Another approach has been to use C. immitis antigens obtained without extraction Mold In House or autolysis. The advantage of this method is that one should obtain reproducible preparations of intact proteins. Cole and co-workers (49) found that when the outer conidial wall was removed from arthroconidia, the organism released various proteins (called the soluble conidial wall fraction). 

This mixture of proteins was extraordinarily effective in stimulating the proliferation of C. immitis-immune T cells in mice. Another antigenic mixture is a membranous material consisting primarily of proteins Mold In House and lipids that the spherule phase of the organism spontaneously releases (the spherule outer wall). 

This spherule wall fraction has been shown to be an active antigen in T-cell-mediated immune responses in mice (50).
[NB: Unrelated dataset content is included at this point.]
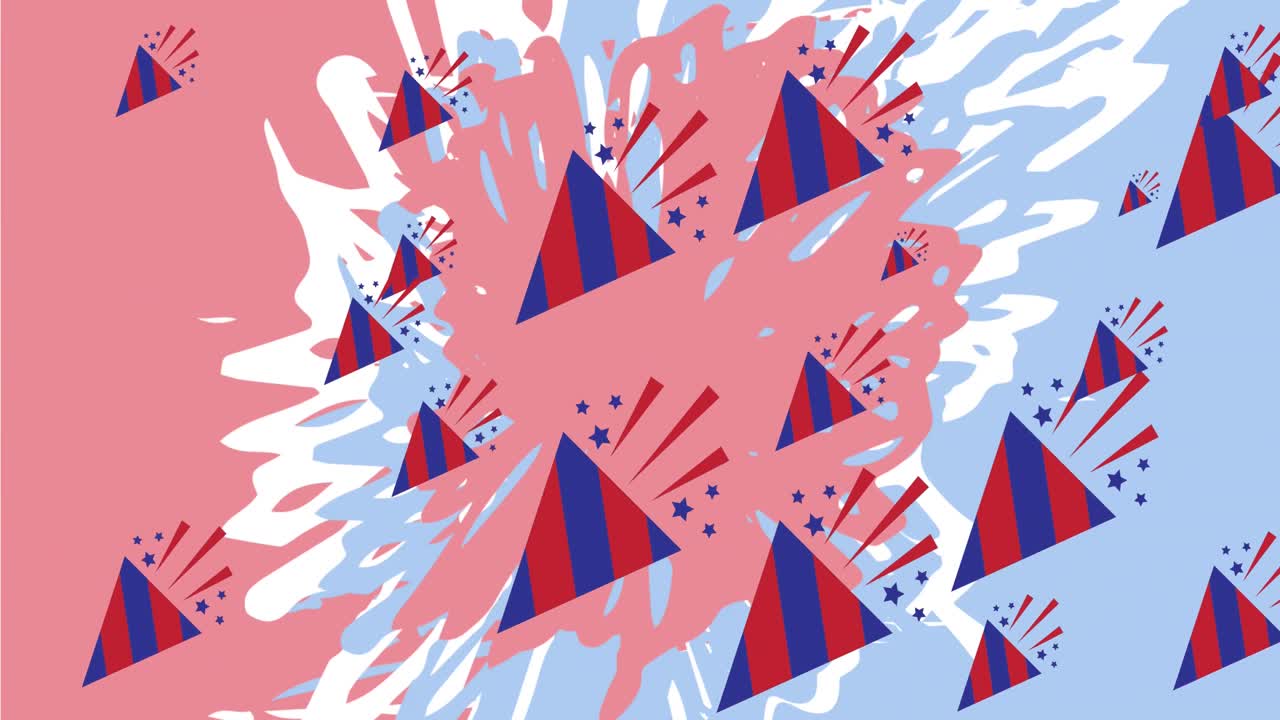 움직이는 빨간색,  ⁇ 색 및 파란색 별과 줄무 ⁇  패턴의 애니메이션 미국 국기 요소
All of these mixtures are heterogeneous and difficult to fractionate biochemically. This is probably due, at least in part, Mold In House to differences in glycosylation, which makes physically separating the proteins difficult. 

To resolve this problem, Galgiani and his colleagues deglycosylated the proteins from a toluene spherule lysate by using hydrogen fluoride (51,52). Although this treatment does remove all sugars, it is extraordinarily harsh and yields less than 10% of the initial protein, Mold In House with most of the protein forming an insoluble precipitate. 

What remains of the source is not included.